Introduction
For a Data Scientist in the corporate area like me, data privacy is a tremendous challenge: Data is the source of all the powerful things we can do with Analytics or Machine Learning, but since it is often personal and sensitive we cannot simply use it as of course our responsibility is to preserve the privacy of individuals. This is covered by legislation, such as GDPR in Europe, which also requires us to get a proper consent from the customer to use his/her data in these kinds of applications. In many cases, we do have some consent documented, but it doesn’t cover our specific use case as it wasn’t know at the time the consent was requested.

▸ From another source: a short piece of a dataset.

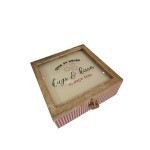 CAJA MADERA AMOR 24 H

One of the options to make use of all the data, apart from getting a new consent from the customers would be to use an anonymized version of the data that does not allow for identification of the individual. Still, doing anonymization in a secure, lawful way that actually protects your customers rights isn’t that easy and as if that wasn’t enough, anonymized data is often considered useless for Data Science usage.
Thankfully, the SAP HANA data anonymization team stepped up to take the first challenge and they asked me to take the second one.
So here is the plan: We will take the publicly available, well known adult data set, put it into a SAP HANA database, run the SAP HANA data anonymization feature on it and then see how much loss in prediction accuracy we see compared to working with the original data sets.
A few words on data anonymization
To put it frankly, anonymization is more than simply removing IDs and names from a dataset. Lots of research has been done to prove that doing this does not properly secure privacy of data. Simply think of a 19-year-old HON-CIRLCE member in your company’s travel data – chances are you will know that person without any names and IDs. To preserve this employee’s privacy (travel details) you might get rid of this leaking information like age or frequent traveler status, that we refer to as quasi-identifiers or “blur” the actual sensitive data (travel details).
Research provides us with a variety of well-known algorithms to achieve that, having different privacy and utility guarantees. SAP HANA data anonymization comes with three of them – k-Anonymity, l-Diversity and Differential Privacy.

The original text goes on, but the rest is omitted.